With all these pieces in place, we can start trying to decrypt the text. We'll start with a random decryption key, and randomly swap letters around to see if we get an improvement in the decrypted text's score.

As we go we'll print out the current decryption of the text to see our progress. Even when we don't have the right answer, you should be able to see the text becoming more "English-y" as we go:

letter_weight = 1.0
bigram_weight = 1.0
iterations = int(1e4)
print_every = 1000

decrypt_key = make_random_key()
best_decrypt = decrypt(alice_encrypted, decrypt_key)
best_score = score_text(best_decrypt, letter_probs, bigram_probs,
                        letter_weight = letter_weight,
                        bigram_weight = bigram_weight)

for iter_num in range(iterations):
    a, b = random.choices(string.ascii_lowercase, k=2)
    # Swap two letters
    decrypt_key[a], decrypt_key[b] = decrypt_key[b], decrypt_key[a]
    current_decrypt = decrypt(alice_encrypted, decrypt_key)
    new_score = score_text(current_decrypt, letter_probs, bigram_probs,
                           letter_weight = letter_weight,
                           bigram_weight = bigram_weight)
    if new_score > best_score:
        best_score = new_score
    else:
        # Swap back
        decrypt_key[a], decrypt_key[b] = decrypt_key[b], decrypt_key[a]
    # Check progress
    if iter_num % print_every == 0:
        print('{n}: {d}'.format(n=iter_num,
                                d=current_decrypt[1012:1105]))
print(current_decrypt[1012:1105])

0: phu hwp fay jafu hub suuo euby couuxy azf cpkxif dhuphub phu xouackbu ws janizg a faicythaiz 
1000: the hot day zade her lees very fseepy and ftupid whether the pseafure ol zaking a daifychain 
2000: the hot day made her feew very sweepy and stupid lhether the pweasure of making a daisychain 
3000: the hot day made her leef very sfeepy and stupid whether the pfeasure ol making a daisychain 
4000: ths hot day mads hsr fssl vsry elsspy and etupid whsthsr ths plsaeurs of making a daieychain 
5000: the hot day made hej feel vejy sleepy and stupid whethej the pleasuje of making a daisychain 
6000: thc hot day madc hcr fccl vcry slccpy and stupid whcthcr thc plcasurc of making a daisyehain 
7000: the hot dak made her feel verk sleepk and stupid whether the pleasure of maying a daiskchain 
8000: the hot day made her feel very sleepy and stupid whether the pleasure of making a daisychain 
9000: the hot day nade her feel very sleepy amd stupid whether the pleasure of nakimg a daisychaim 
the hot day made her feel very sleepy and stupcd whether the pleasure of makcng a dacsyihacn

And that's it!

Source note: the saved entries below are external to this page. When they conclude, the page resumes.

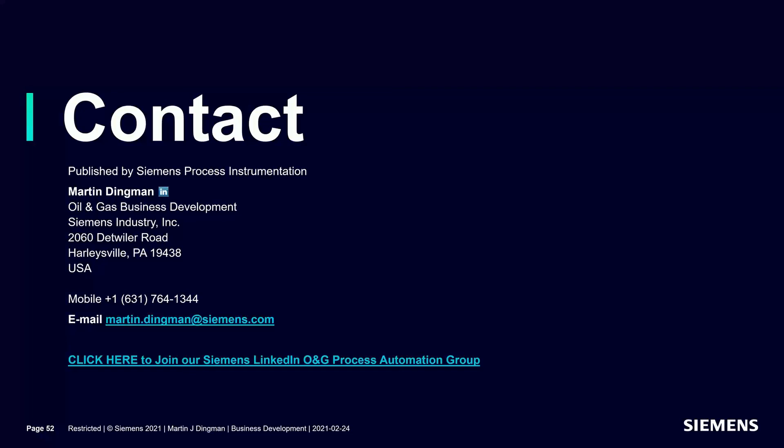Marty, Ron, and Eric — thank you. And thank you to everybody for their attendance, time, and attention today. This will be posted on the Gilson website in the next day or so, and you can forward and share that link. If you have an application you'd like to discuss, reach out to me or to Marty — his contact information is on the screen. Thanks again, and everyone have a safe day.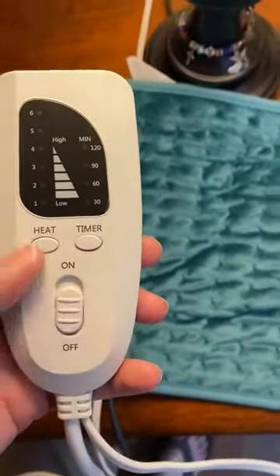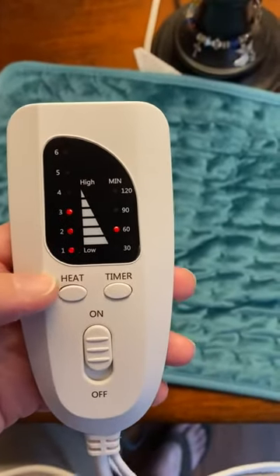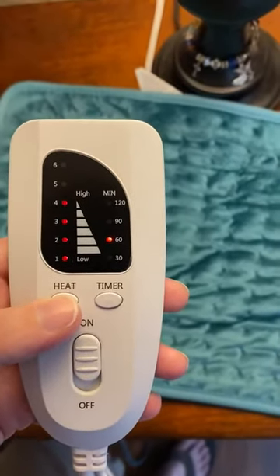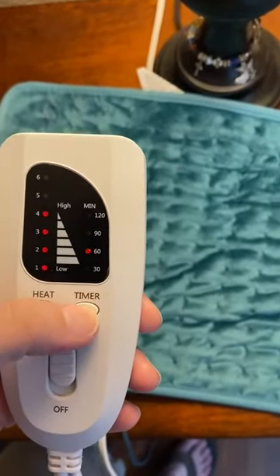The controls are pretty easy to understand. Turn it on and you have different heat levels, one to six. I typically use four — it's a pretty good heat — and then you have how long you want it on.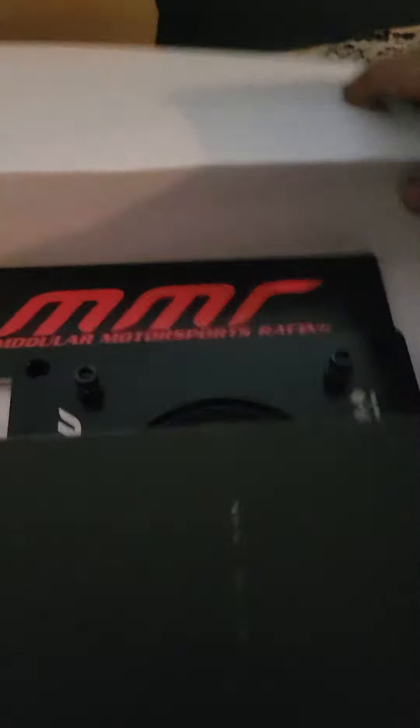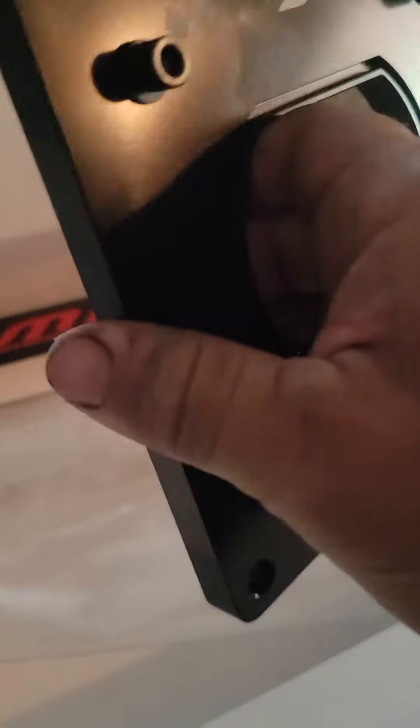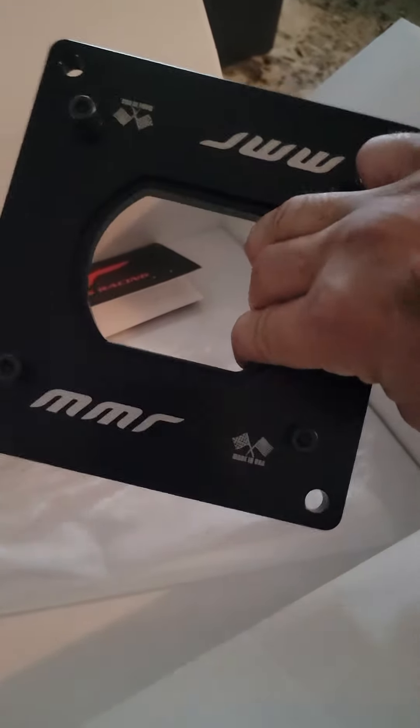Gotta do another review on this MMR stuff here, man. I already opened it, but just to do an unbox video. MMR plate for the Edelbrock Vector Jr. It's really nice.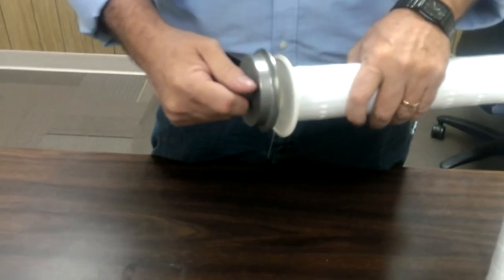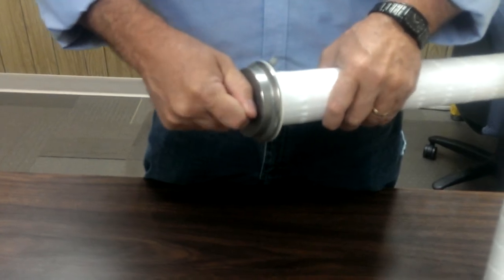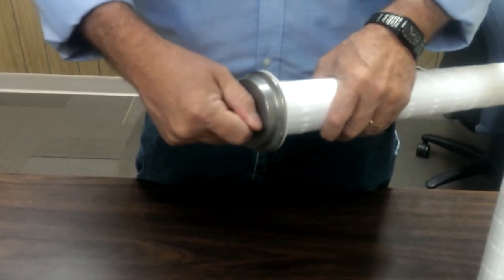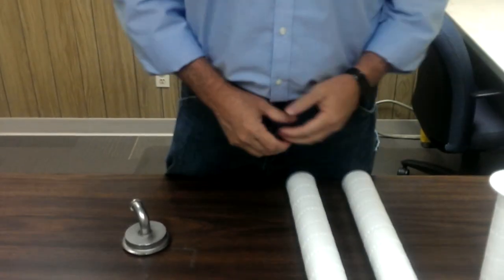So if you have a good one, the cap will just sit in there and it will be flush and you won't be able to rock it back and forth. That is the whole process for inspecting these filters. Thank you, have a nice day.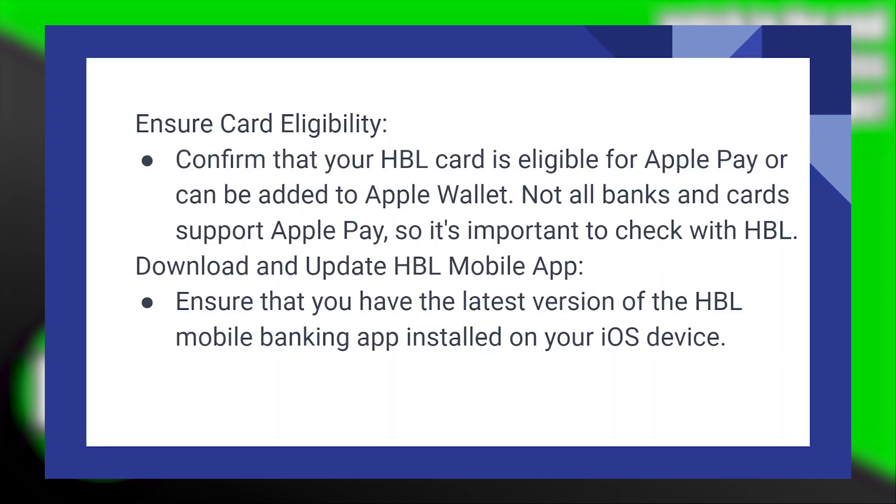Confirm that your HBL card is eligible for Apple Pay or can be added to Apple Wallet. Not all banks and cards support Apple Pay, so it's important to check with HBL.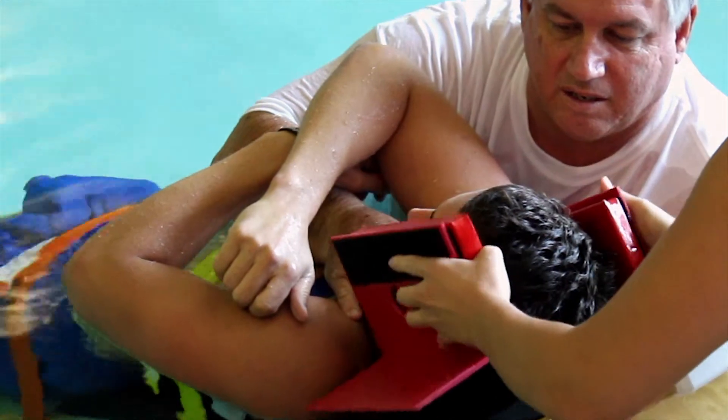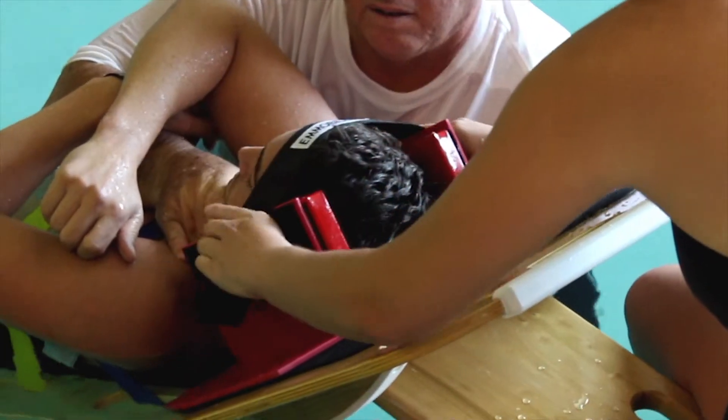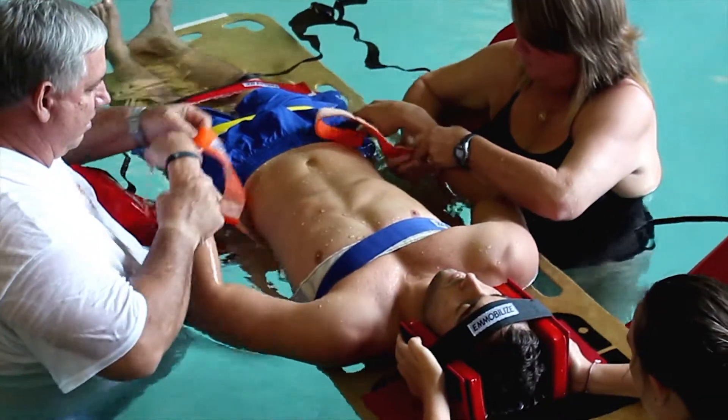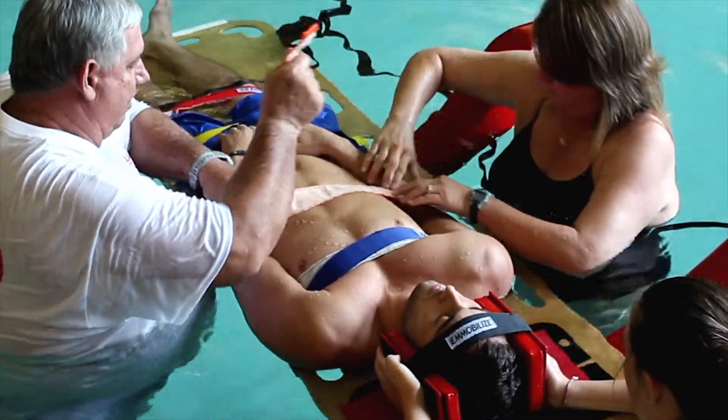Each unit comes complete with a unique one-of-a-kind Immobilize head immobilizer kit, which is the longest lasting head immobilizer of its kind available on the market today.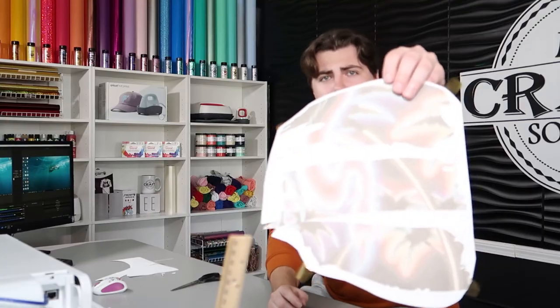One last thing before we end this: whenever you print your image off, all of the white on your sublimation paper will not actually sublimate onto your substrate. So if you have white in your image, as long as it's kind of an off-white, it should be perfectly fine and it'll show up just as white as it looks. Thank you all so much for coming by — remember to like and subscribe, and if you have any questions or comments, be sure to leave them down below. Thank you very much.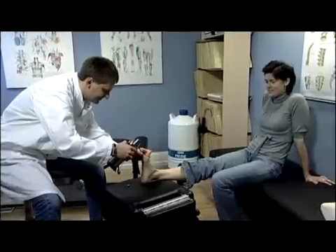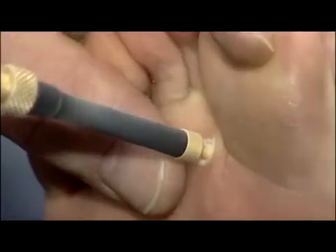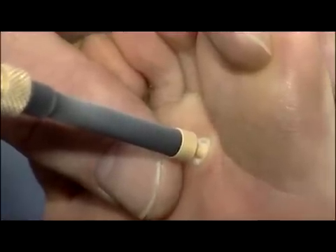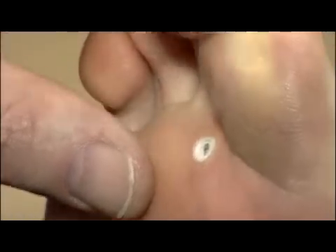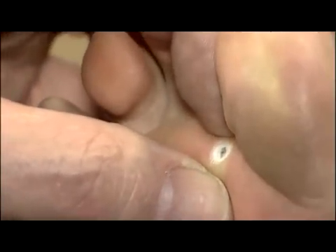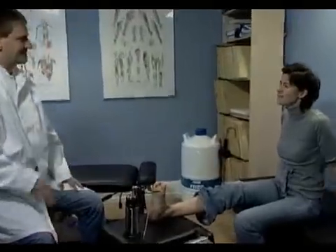This method ensures the quick freeze slow thaw, leading to optimal tissue destruction. Contact freezing offers a deep freeze with minimal lateral spreading. The freezing time depends on the type of lesion as well as the operator's personal preferences.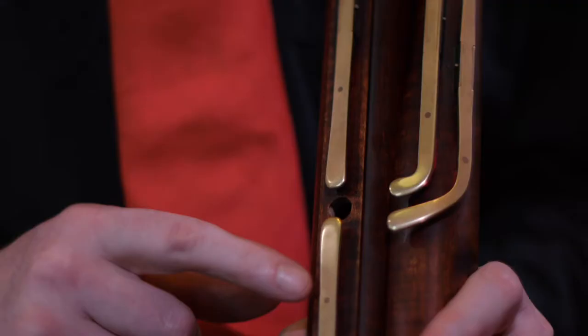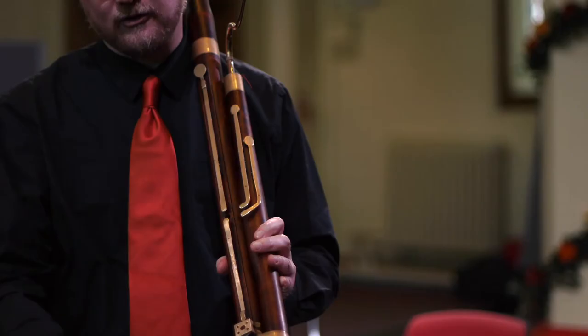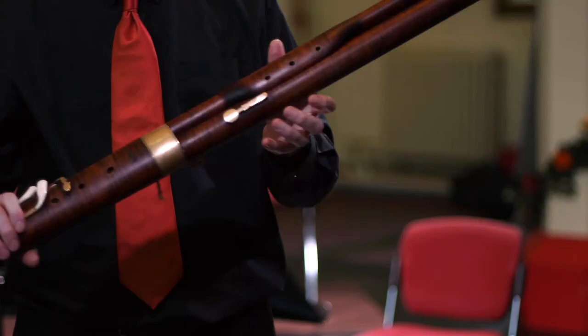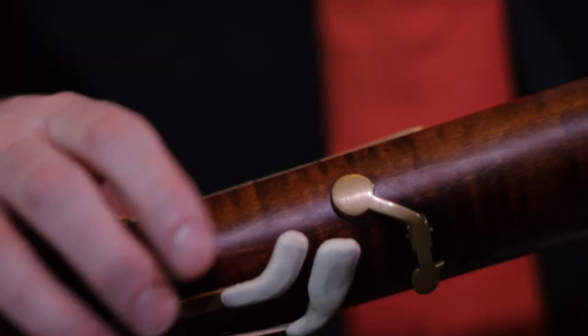On this side we have a key for low D and low B flat, and two register keys, and the F sharp key — there's no B flat that modern players would be used to. On the other side, no trill keys, just an E flat key, F, A flat, and this is the new technology in 1810: the key for the third finger B flat.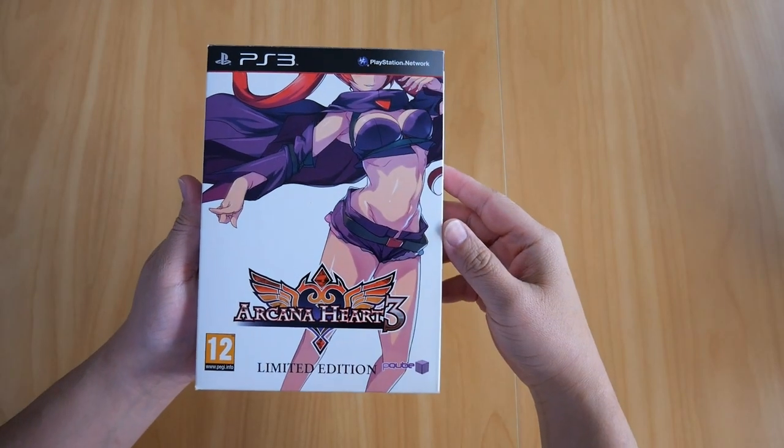Welcome back to another video. This time I'll be showing you my copy of Arcana Heart 3 Limited Edition for the PS3.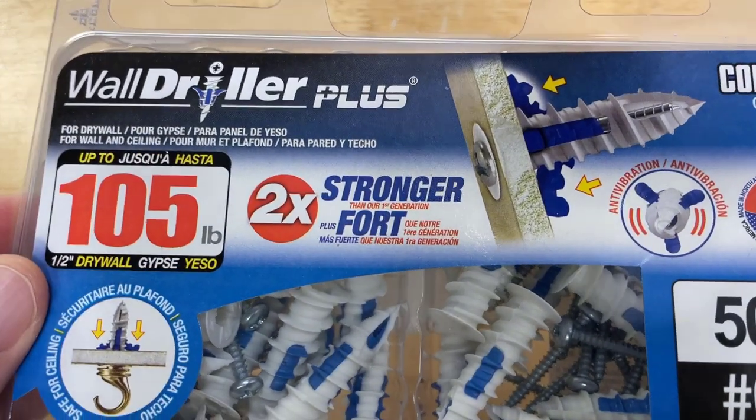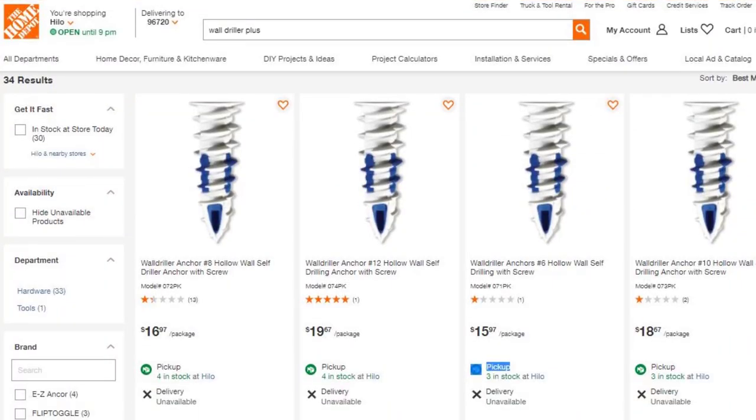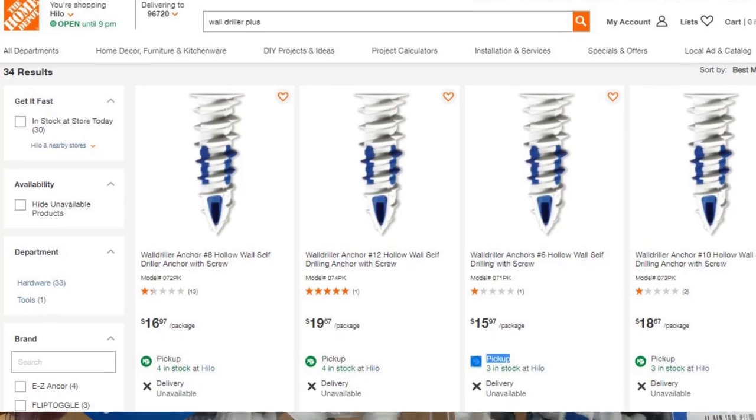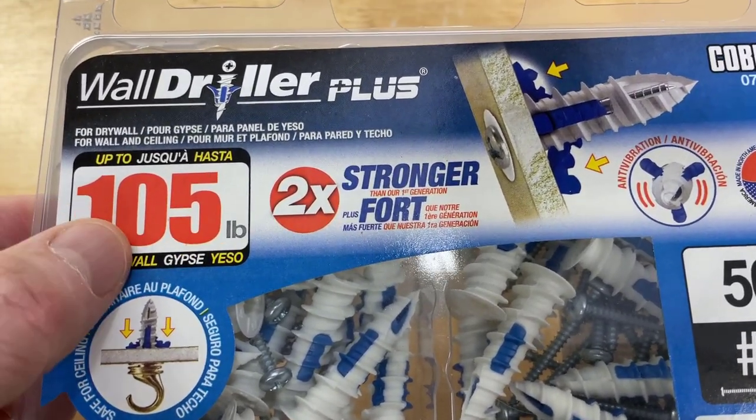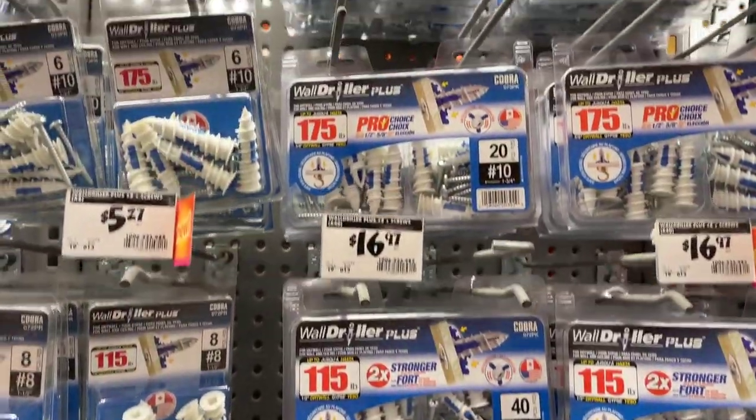The sheetrock anchors we're going to check out today are called Wall Driller Pluses. They are sold at Home Depot. This particular anchor is rated to 105 pounds, and they do have larger size anchors that go all the way up to 205 pounds.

This is a random process so it may not find the correct answer every time, and might even move away after finding the right answer, but it should be clear that it generally moves in the direction of "more like English". We can check our final answer against the original encryption key we used:

def reverse_key(key):
    return {c2: c1 for c1, c2 in key.items()}

true_decrypt_key = reverse_key(encrypt_key)
decrypt_key == true_decrypt_key

True

Because this method is so simple, it's easy to see multiple different ways we can tweak it to try for better accuracy and efficiency:

Varying the weights on letters vs. bigrams.
Using multiple texts to build up our letter and bigram probabilities to avoid the quirks of any one text.
Extending to include trigrams or even longer sequences and whole words.
Testing exactly how much text is needed to get good performance: shorter cipher texts are quicker to decrypt and score, but may not give as good accuracy since their score will have greater variance.